- _What you will do_
Among the lines below, keep only those from the one containing "Bedsure couverture King" through the one containing "Cicogna che vola", and reproduce them exactly.

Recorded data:
------------
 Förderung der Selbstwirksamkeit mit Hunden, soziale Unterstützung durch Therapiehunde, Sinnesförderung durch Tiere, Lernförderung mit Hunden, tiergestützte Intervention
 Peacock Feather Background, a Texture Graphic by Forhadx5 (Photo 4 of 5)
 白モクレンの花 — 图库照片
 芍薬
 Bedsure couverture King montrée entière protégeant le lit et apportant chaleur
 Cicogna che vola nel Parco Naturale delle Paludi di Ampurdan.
------------
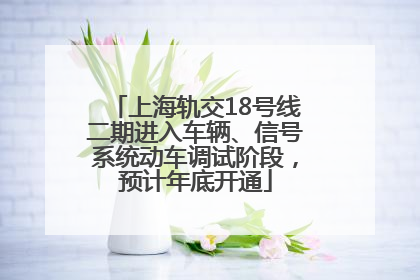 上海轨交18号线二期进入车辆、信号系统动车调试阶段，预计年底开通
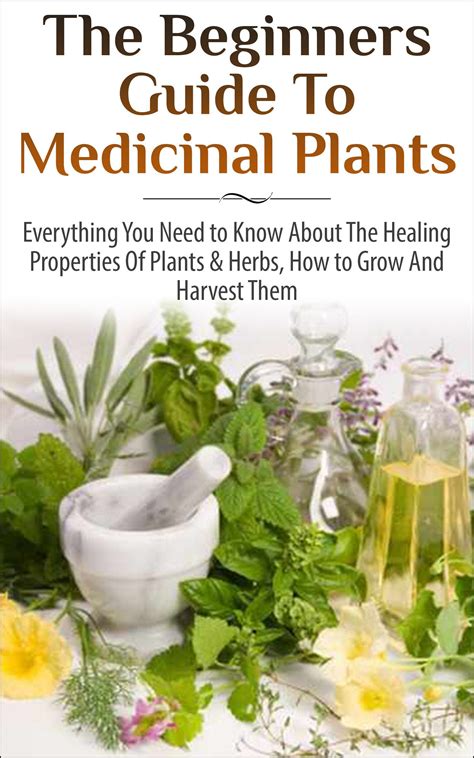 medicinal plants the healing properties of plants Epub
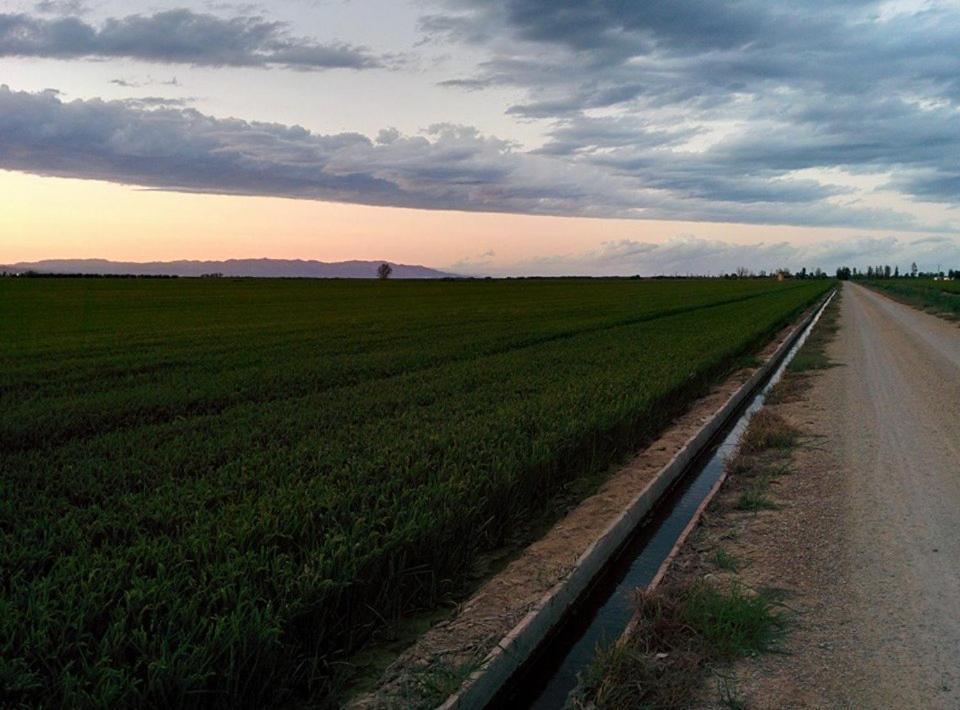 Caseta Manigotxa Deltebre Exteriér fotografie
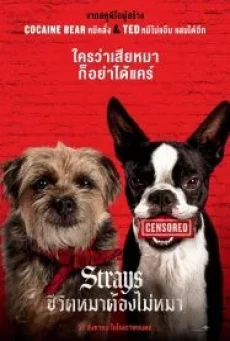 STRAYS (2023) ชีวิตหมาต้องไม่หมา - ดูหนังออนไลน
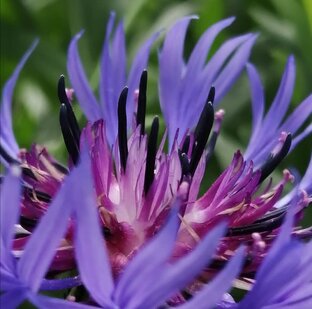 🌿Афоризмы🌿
------------
- _Solution to this task_
 Bedsure couverture King montrée entière protégeant le lit et apportant chaleur
 Cicogna che vola nel Parco Naturale delle Paludi di Ampurdan.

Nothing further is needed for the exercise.